DATA PROVIDED:
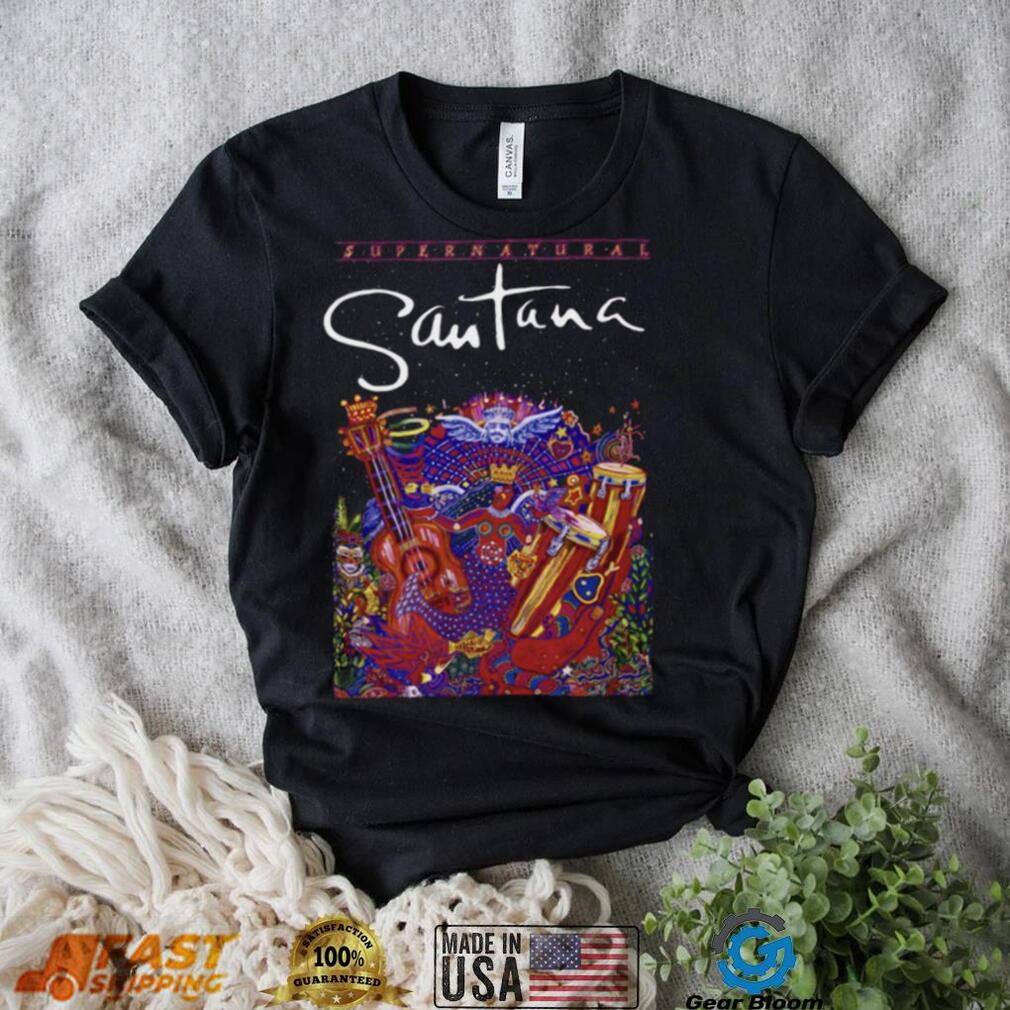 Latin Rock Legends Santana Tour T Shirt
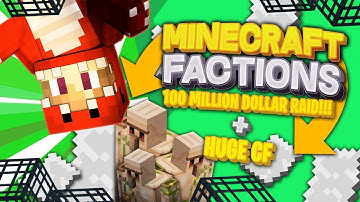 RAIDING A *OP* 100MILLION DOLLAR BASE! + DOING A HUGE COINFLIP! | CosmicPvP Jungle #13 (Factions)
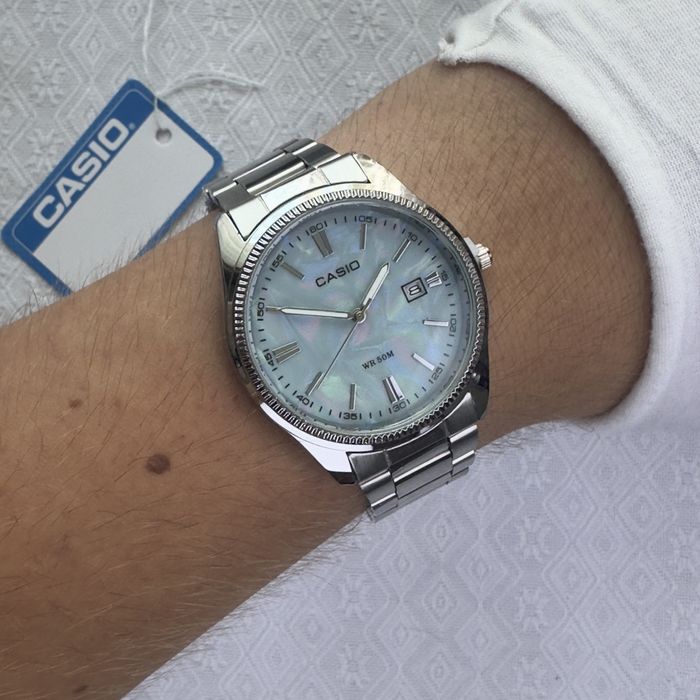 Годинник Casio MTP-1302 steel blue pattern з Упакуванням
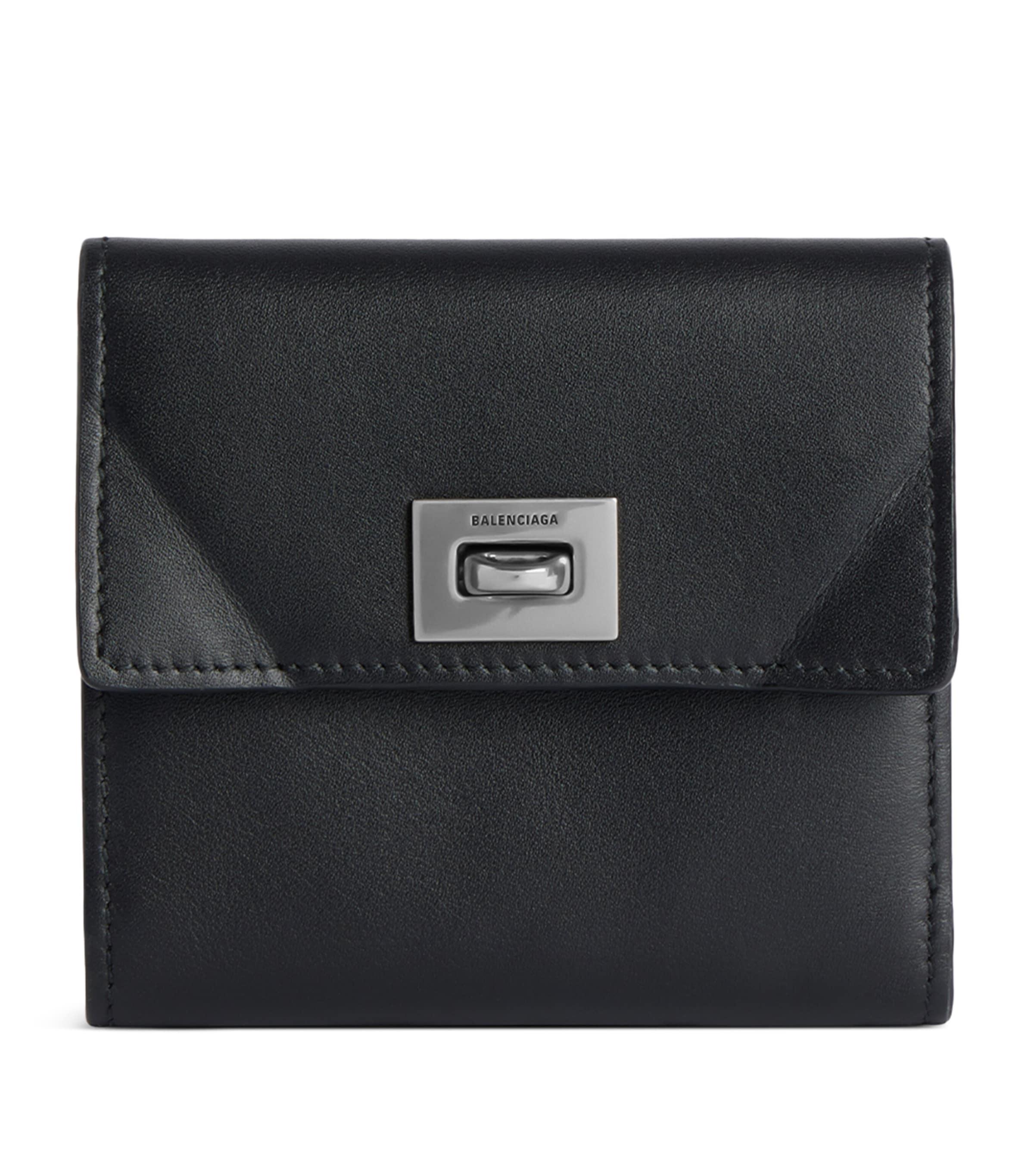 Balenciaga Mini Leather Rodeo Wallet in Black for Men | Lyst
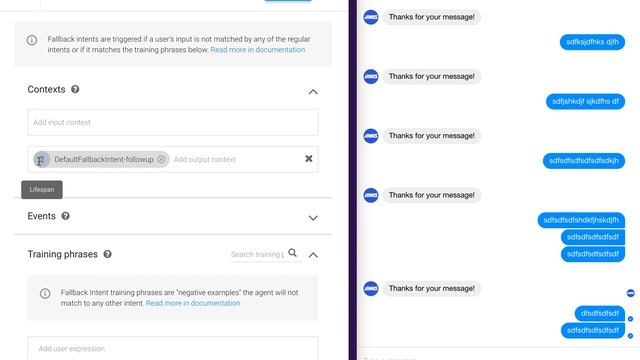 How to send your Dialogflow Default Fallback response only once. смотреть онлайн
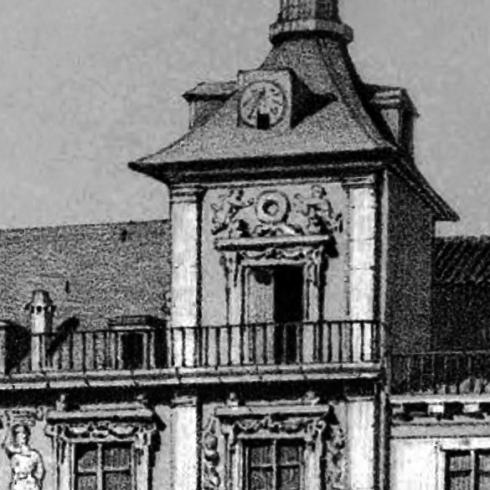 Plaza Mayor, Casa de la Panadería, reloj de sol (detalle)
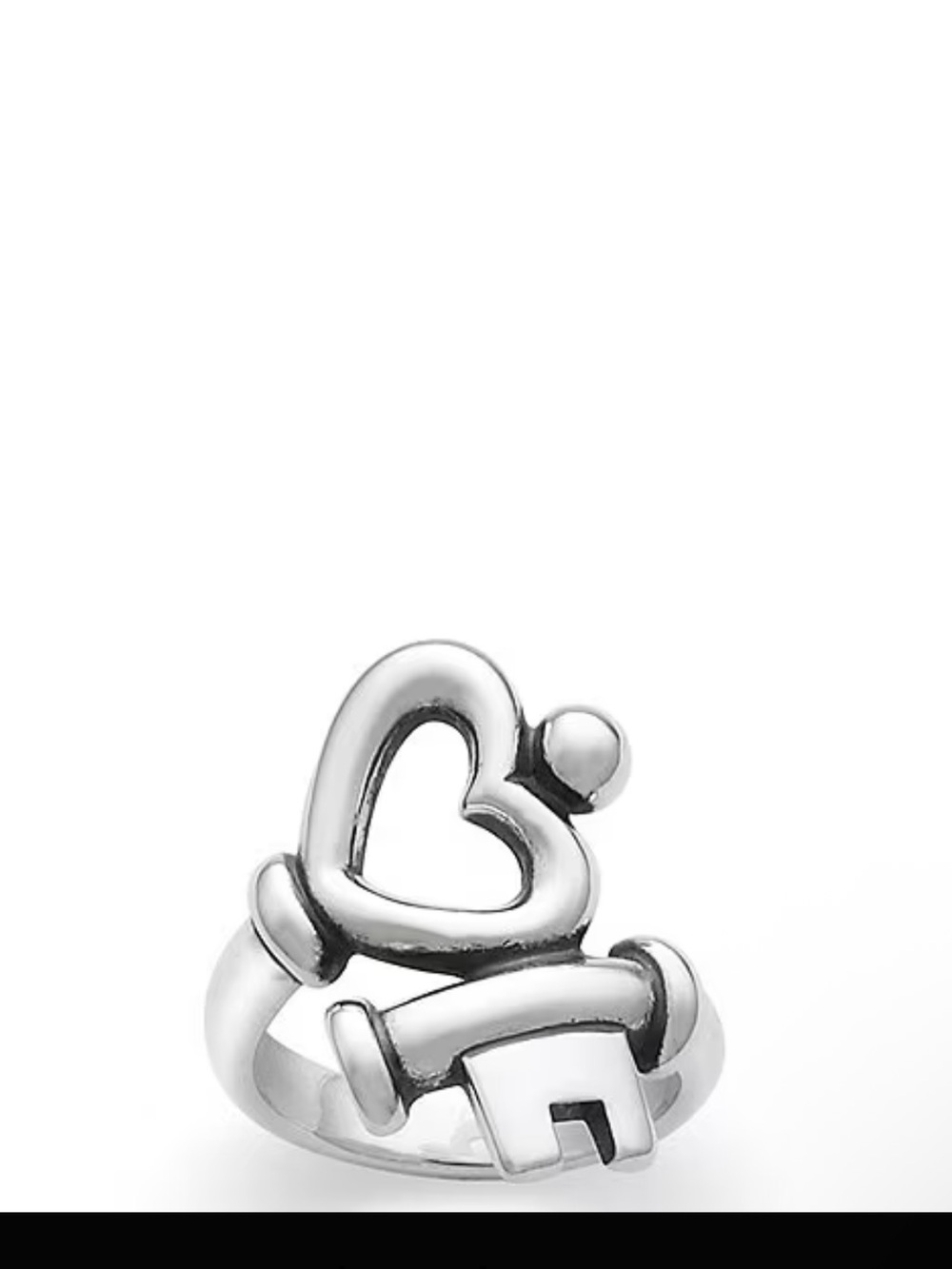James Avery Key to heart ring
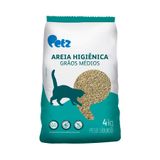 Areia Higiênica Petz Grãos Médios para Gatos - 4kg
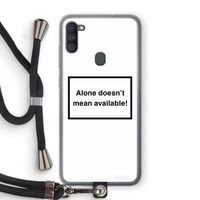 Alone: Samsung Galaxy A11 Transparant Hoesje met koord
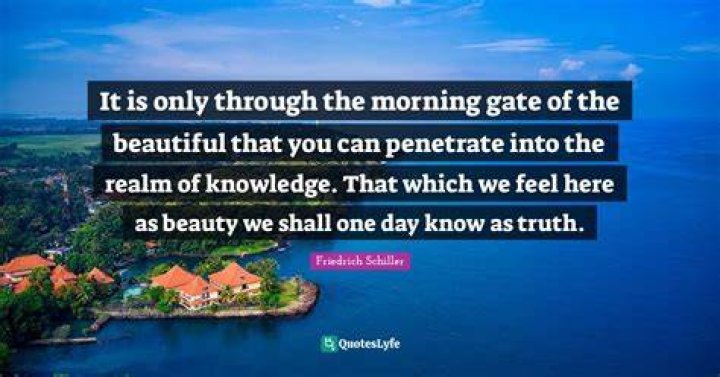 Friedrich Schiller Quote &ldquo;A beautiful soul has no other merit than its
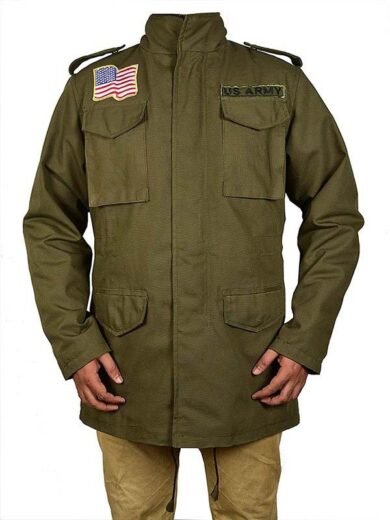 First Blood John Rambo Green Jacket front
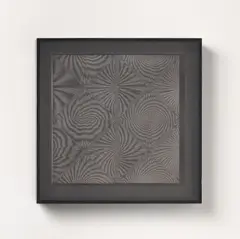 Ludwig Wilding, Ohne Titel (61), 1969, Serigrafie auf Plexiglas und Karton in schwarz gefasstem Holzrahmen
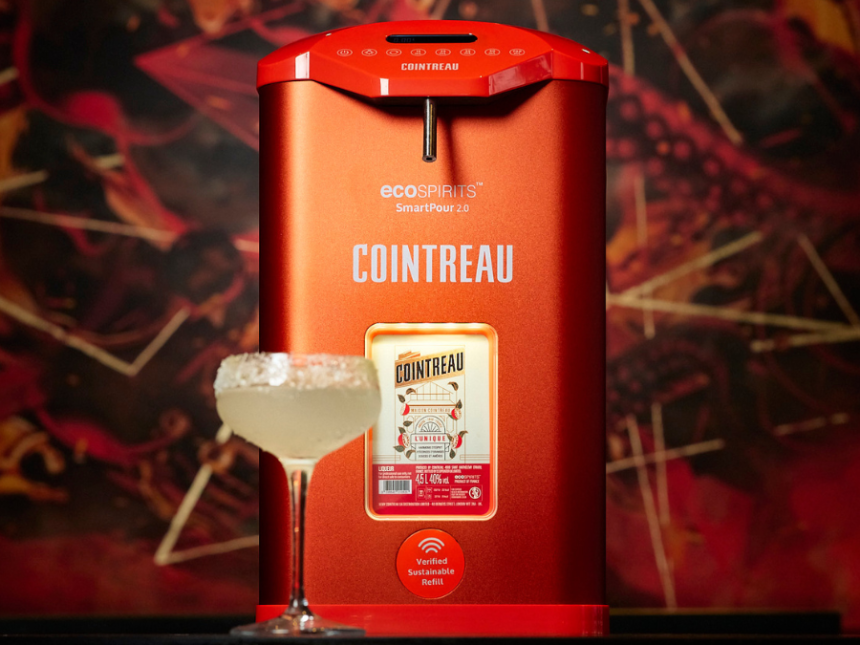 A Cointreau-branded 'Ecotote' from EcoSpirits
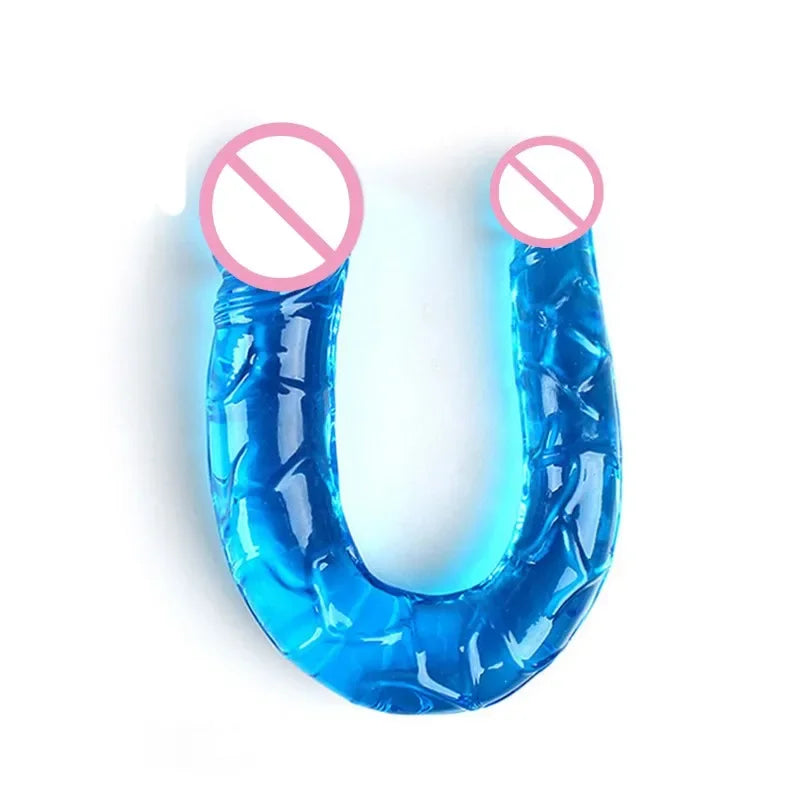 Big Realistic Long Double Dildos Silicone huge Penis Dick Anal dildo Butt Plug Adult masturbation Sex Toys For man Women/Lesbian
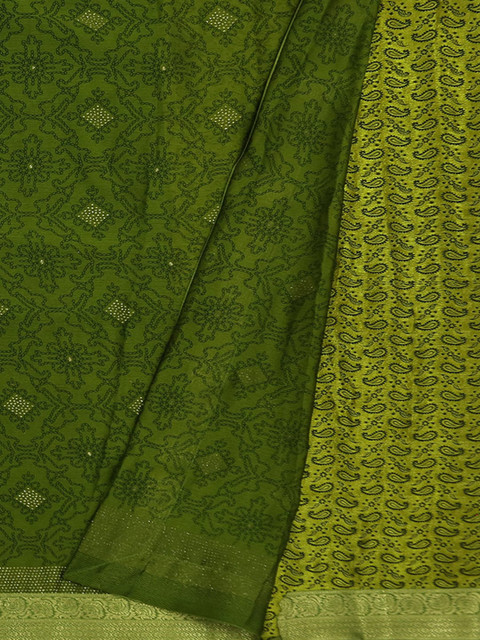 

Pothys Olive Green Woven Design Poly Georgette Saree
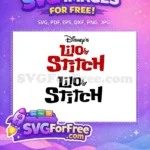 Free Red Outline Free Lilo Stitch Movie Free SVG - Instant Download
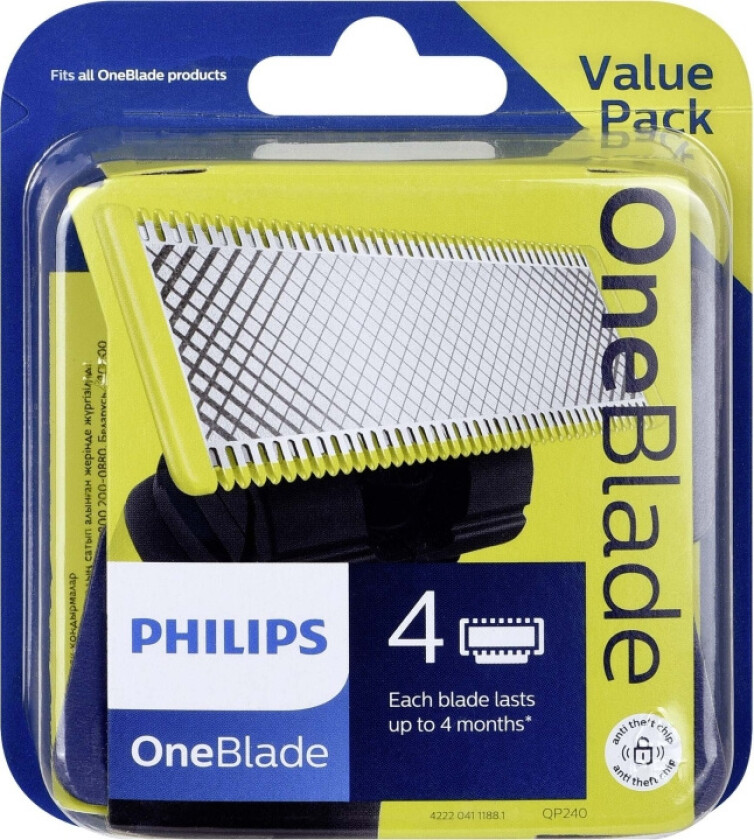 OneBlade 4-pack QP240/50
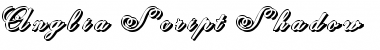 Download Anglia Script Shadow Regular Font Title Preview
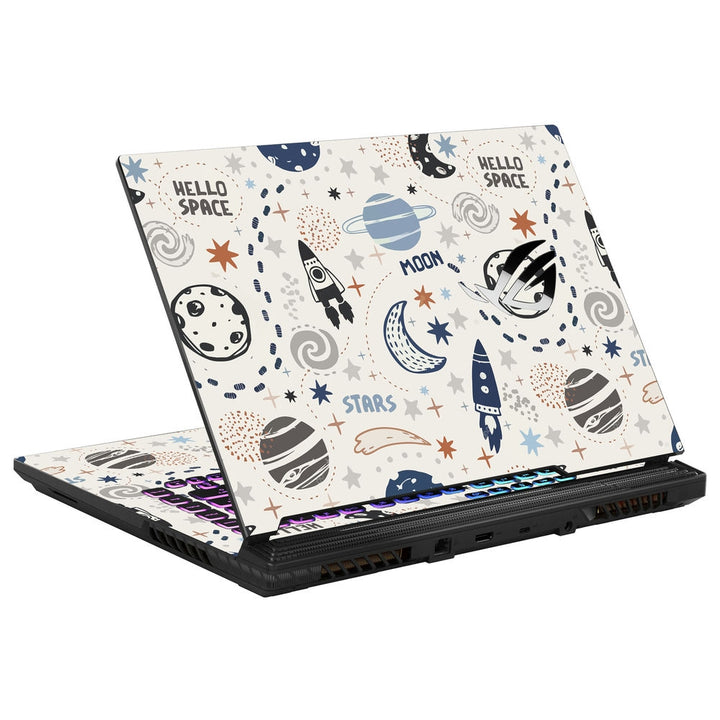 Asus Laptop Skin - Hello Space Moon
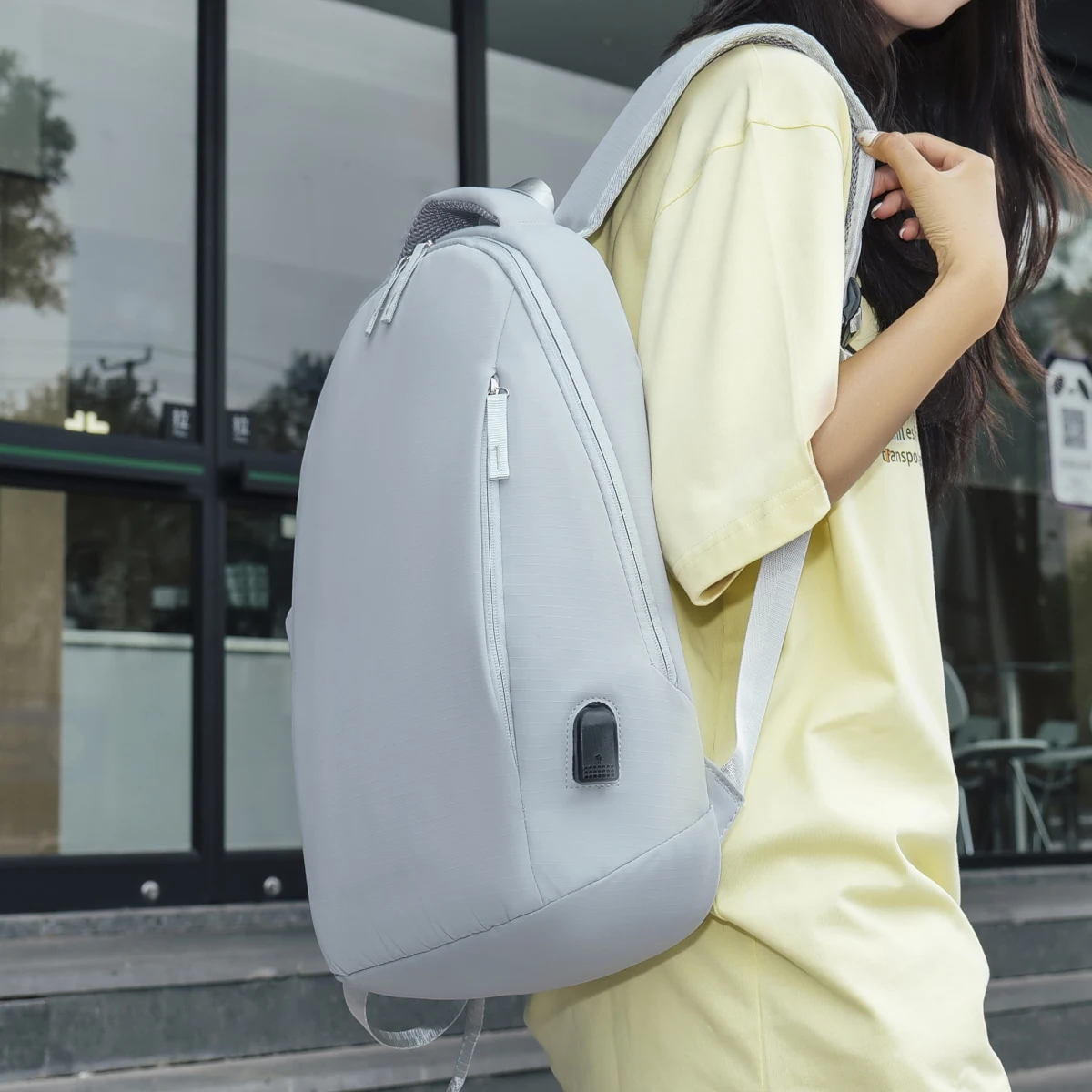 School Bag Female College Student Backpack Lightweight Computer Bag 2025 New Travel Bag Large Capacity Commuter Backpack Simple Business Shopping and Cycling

EXERCISE BRIEF: What lines above run from the one with "Balenciaga Mini Leather" to the one with "A Cointreau-branded 'Ecotote'"? Give them again exactly, ends included, and leave the pictures out.

ANSWER FOR THE TASK:
 Balenciaga Mini Leather Rodeo Wallet in Black for Men | Lyst
 How to send your Dialogflow Default Fallback response only once. смотреть онлайн
 Plaza Mayor, Casa de la Panadería, reloj de sol (detalle)
James Avery Key to heart ring
 Areia Higiênica Petz Grãos Médios para Gatos - 4kg
 Alone: Samsung Galaxy A11 Transparant Hoesje met koord
 Friedrich Schiller Quote &ldquo;A beautiful soul has no other merit than its
 First Blood John Rambo Green Jacket front
 Ludwig Wilding, Ohne Titel (61), 1969, Serigrafie auf Plexiglas und Karton in schwarz gefasstem Holzrahmen
 A Cointreau-branded 'Ecotote' from EcoSpirits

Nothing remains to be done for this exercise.